Exercise requirements:
Whenever a line of the data below holds the string "Used", copy that line.

Supplied material:
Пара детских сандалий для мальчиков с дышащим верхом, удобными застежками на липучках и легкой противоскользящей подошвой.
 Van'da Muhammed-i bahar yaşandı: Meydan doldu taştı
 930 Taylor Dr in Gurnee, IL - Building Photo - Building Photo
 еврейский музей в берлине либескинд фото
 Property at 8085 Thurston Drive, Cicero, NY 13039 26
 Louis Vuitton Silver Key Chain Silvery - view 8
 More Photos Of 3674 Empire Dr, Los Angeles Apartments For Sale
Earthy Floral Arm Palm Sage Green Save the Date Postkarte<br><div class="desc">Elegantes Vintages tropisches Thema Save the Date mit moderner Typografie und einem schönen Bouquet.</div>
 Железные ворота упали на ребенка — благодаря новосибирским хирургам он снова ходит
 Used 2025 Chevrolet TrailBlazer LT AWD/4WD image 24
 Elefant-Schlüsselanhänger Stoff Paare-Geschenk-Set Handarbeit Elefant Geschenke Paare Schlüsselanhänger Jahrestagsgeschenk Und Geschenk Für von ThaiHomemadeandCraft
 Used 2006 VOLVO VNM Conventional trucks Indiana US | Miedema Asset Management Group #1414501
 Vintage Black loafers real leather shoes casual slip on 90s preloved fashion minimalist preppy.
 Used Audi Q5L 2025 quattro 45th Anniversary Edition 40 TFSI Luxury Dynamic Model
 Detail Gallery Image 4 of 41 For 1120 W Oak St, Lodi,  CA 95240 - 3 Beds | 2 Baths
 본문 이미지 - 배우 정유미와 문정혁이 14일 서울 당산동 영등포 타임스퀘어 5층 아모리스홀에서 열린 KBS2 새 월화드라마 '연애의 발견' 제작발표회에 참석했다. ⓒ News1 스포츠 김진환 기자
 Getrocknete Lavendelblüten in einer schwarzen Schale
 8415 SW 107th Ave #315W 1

Problem solution:
 Used 2025 Chevrolet TrailBlazer LT AWD/4WD image 24
 Used 2006 VOLVO VNM Conventional trucks Indiana US | Miedema Asset Management Group #1414501
 Used Audi Q5L 2025 quattro 45th Anniversary Edition 40 TFSI Luxury Dynamic Model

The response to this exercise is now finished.